Proposed bill isn’t the solution
The fight for better cybersecurity is a layered, nuanced thing. It has complexities, rules, and numerous nodes to account for. It’s not the answer anyone wants to hear, but it’s true. Like any network, it’s composed of hundreds if not thousands of different variables, which is why a constantly updating defense strategy is important.
But the problems with cybersecurity can extend well beyond yourself or an enterprise. In fact, a lot of major issues confronting businesses and people in the United States start at home, aka the Senate and House. Both Senate and House members have been forced to take a critical look at the emerging threat climate presented by cyber-attacks. Again, from SolarWinds to the Colonial Pipeline, it’s no longer a matter only impacting IT industries.
The issue, though, is what’s done in response. For instance, we’ll examine a “feel good” but ultimately tone-deaf bill proposal that addresses very little, beyond a visceral satisfaction of “hitting back.”
The Hack Back Bill
The bill was originally proposed by Senators Steve Daines (R-Montana) and Sheldon Whitehouse (D-Rhode Island).

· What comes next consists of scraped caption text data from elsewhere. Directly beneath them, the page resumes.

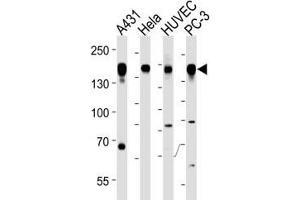 Epidermal Growth Factor Receptor antibody western blot analysis in A431, HeLa, HUVEC, PC3 lysate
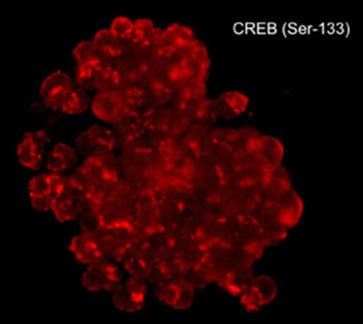 CREB [p Ser133] Antibody (M415)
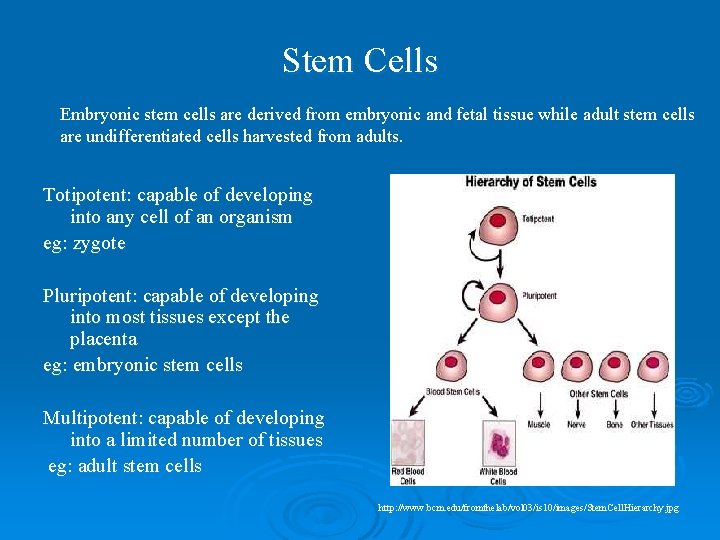 Stem Cells Embryonic stem cells are derived from embryonic and fetal tissue while adult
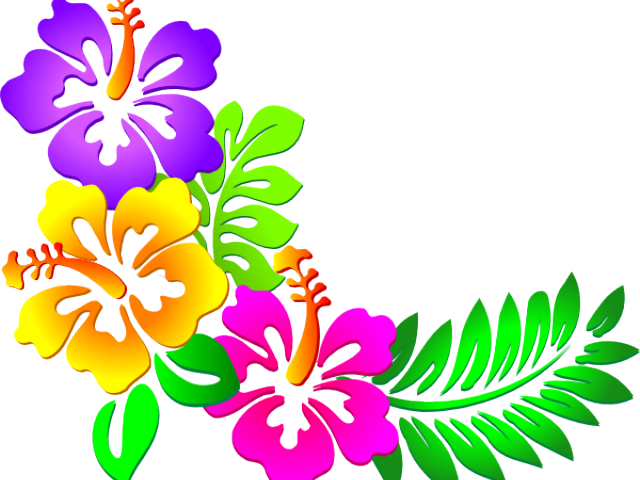 Graphic Design Art Flower Hd - Imagenes De Flores Hawaianas (640x480), Png Download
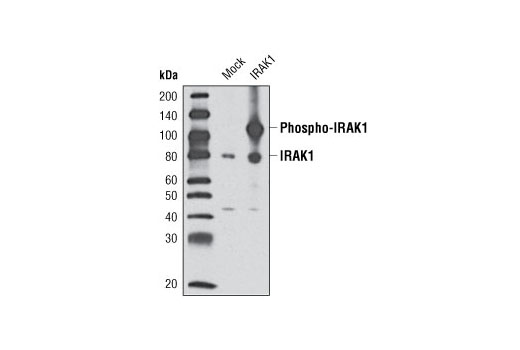  Image 6: IRAK Isoform Antibody Sampler Kit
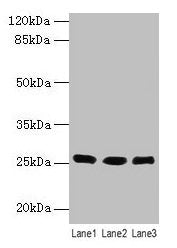 LIN7A Antibody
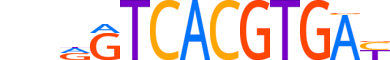 TFEC.H14CORE.1.SM.B motif logo (TFEC gene, TFEC_HUMAN protein)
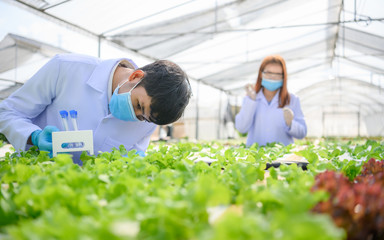 Asian scientists are investigating the pathogens in vegetables,New normal Clean vegetables.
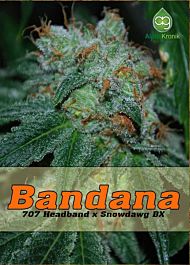 Alphakronik Genes Seeds Bandana Regular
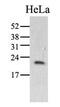 Peptidyl-prolyl cis-trans isomerase C antibody, GTX53767, GeneTex, Western Blot image 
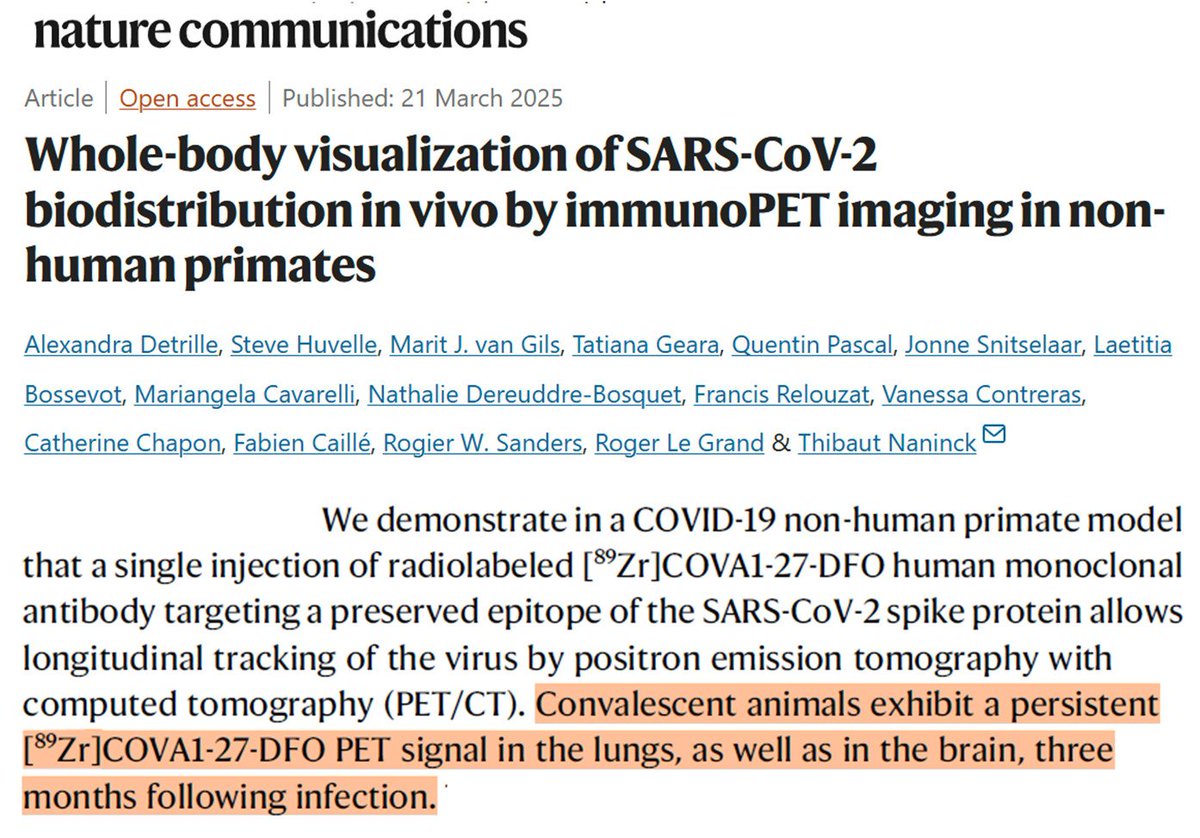 Danielle Beckman (@danibeckman) on Twitter photo There must be a reason why a neuroscientist and a respiratory physician get together to say some things are not quite right in #LongCovid. Persistence of spike protein in the lungs and brain?
-with <a href="/DavidJoffe64/">David Joffe MB BS (Hons), PhD, FRACP π¦πΊ</a> There must be a reason why a neuroscientist and a respiratory physician get together to say some things are not quite right in #LongCovid. Persistence of spike protein in the lungs and brain?
-with <a href="/DavidJoffe64/">David Joffe MB BS (Hons), PhD, FRACP π¦πΊ</a>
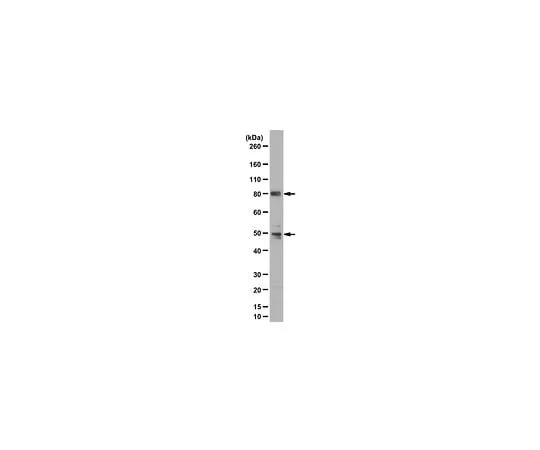 62-8469-77　Anti-PI3 Kinase p85 Antibody, N-SH2 domain , Cat. No. ABS233　ABS233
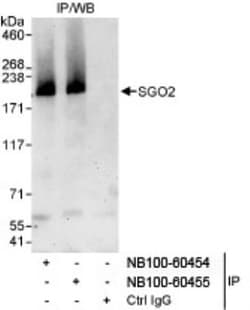 SGOL2 Antibody, Novus Biologicals 0.1mg; Unlabeled:Antibodies, Polyclonal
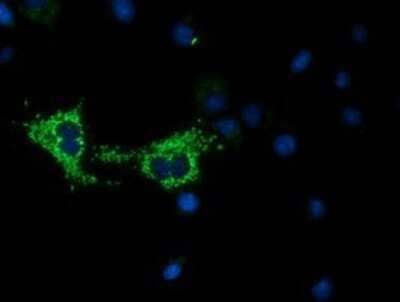 Immunocytochemistry/Immunofluorescence: COX6A1 Antibody (OTI4G2) - Azide and BSA Free [NBP2-70427] - Staining of COS7 cells transiently transfected by pCMV6-ENTRY COX6A1.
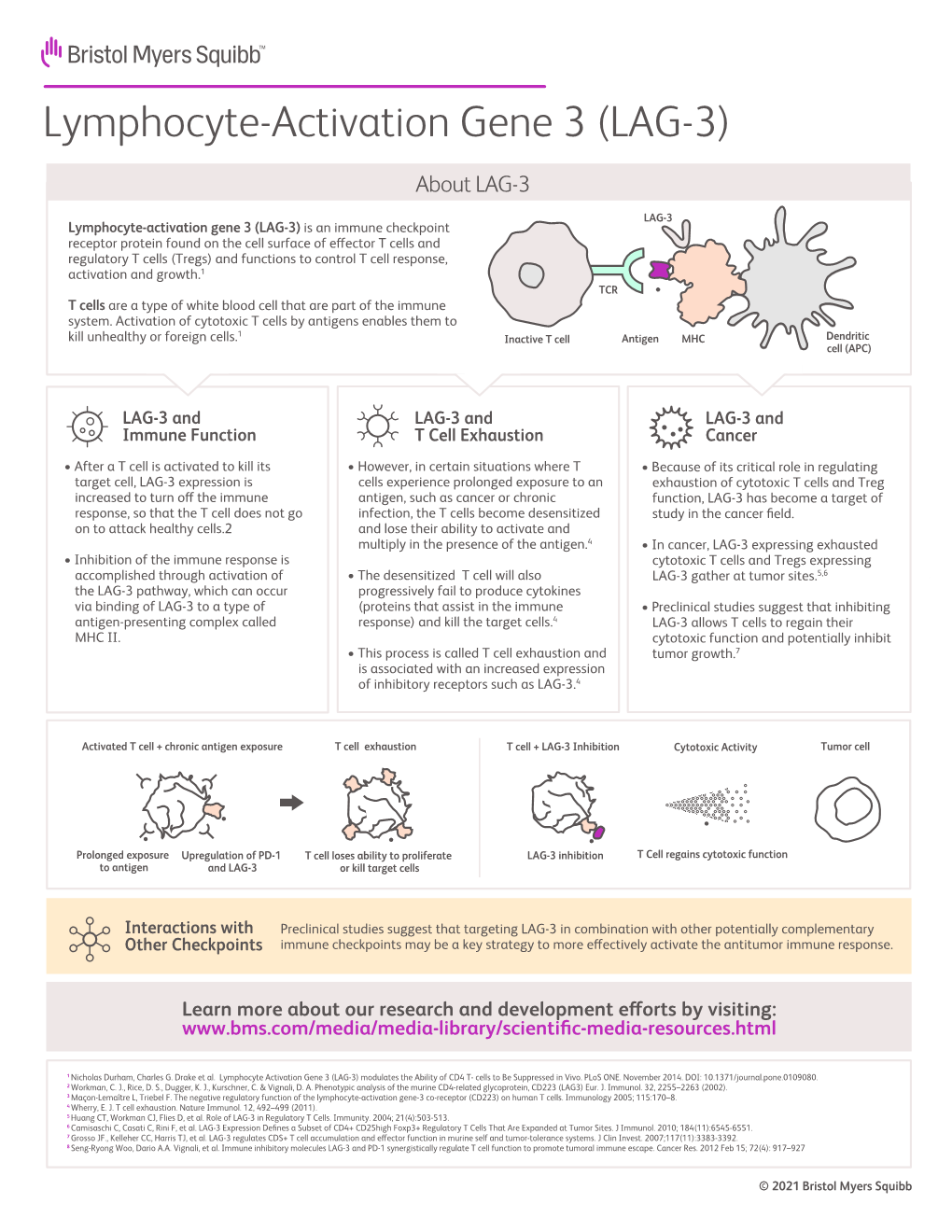 Lymphocyte-Activation Gene 3 (LAG-3) Immune Pathway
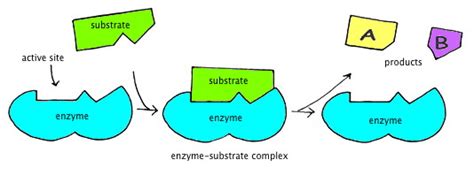 How Do Enzymes Work
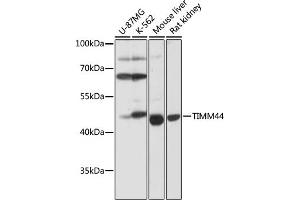 Western blot analysis of extracts of various cell lines, using TIMM44 antibody (ABIN7270927) at 1:1000 dilution. (TIMM44 Antikörper  (AA 153-452))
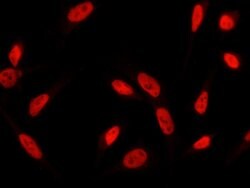 Invitrogen RbAp48 Polyclonal Antibody 100 &mu;L; Unconjugated:Antibodies,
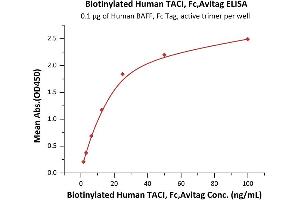 Immobilized Human BAFF, Fc Tag, active trimer (ABIN6972950) at 1 μg/mL (100 μL/well) can bind Biotinylated Human TACI, Fc,Avitag (ABIN5954907,ABIN6253586) with a linear range of 2-25 ng/mL (QC tested). (TACI Protein (AA 2-166) (Fc Tag,AVI tag,Biotin))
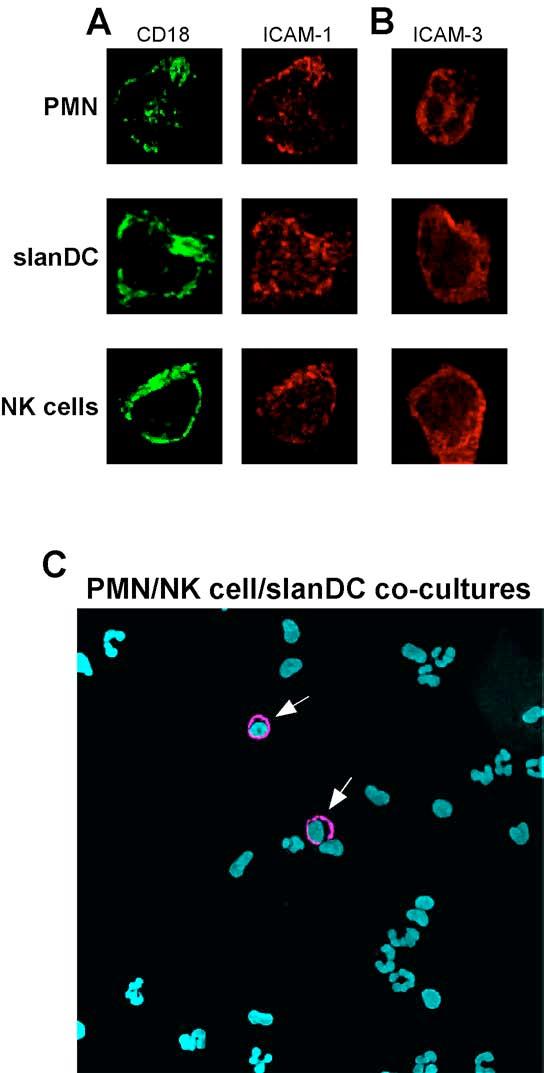 Figure S5. CD18, ICAM-1, ICAM-3, and M-DC8 labeling in neutrophils, NK cells and slandc under co-culture conditions. Neutrophil/NK cell/slandc co-cultures were incubated in the absence of stimulation.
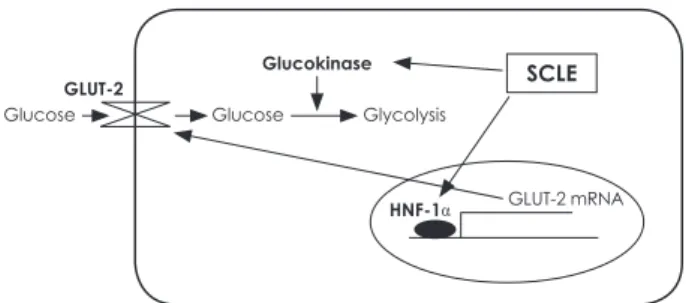 Fig. 8. Treatment with SCLE stimulates glucose absorption and  utilization by increasing GLUT-2 mRNA expression and GK activity  in HepG2 cells.GLUT-2Glucose Glucose HNF-1αGlycolysisGlucokinase SCLE GLUT-2 mRNA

Naturally, businesses across the nation are fed up with being the victims of rampant malicious attacks. Understandably so, because threat actors and digital bandits seem to cause chaoswith zero repercussion while running off with thousands, sometimes millions. It’s what gave birth to the recent “hack bill,” a proposal which would allow agencies to launch their own counteroffensive against intruder(s). But this bill demonstrates, unfortunately, how out of touch many senators and congressmen are with the present issues of cybersecurity.
It’s a fairly barren bill in terms of actual usefulness for a multitude of reasons. First, think of the parallels with actual crime: when it occurs, citizens aren’t the one that make the arrests, compile evidence, go to court, and go through the entire information collecting/judgment procedure. It’s the same philosophy with cybersecurity investigations.
The FBI and CISA, when “retaliating” against cyber intruders, don’t do so with the intent to launch their own brand of malware to attack hackers. Their efforts are designed to learn about hacking methods, the tools malicious parties use, common targets, demographics, and a whirlwind of other information silos to improve cyber defense.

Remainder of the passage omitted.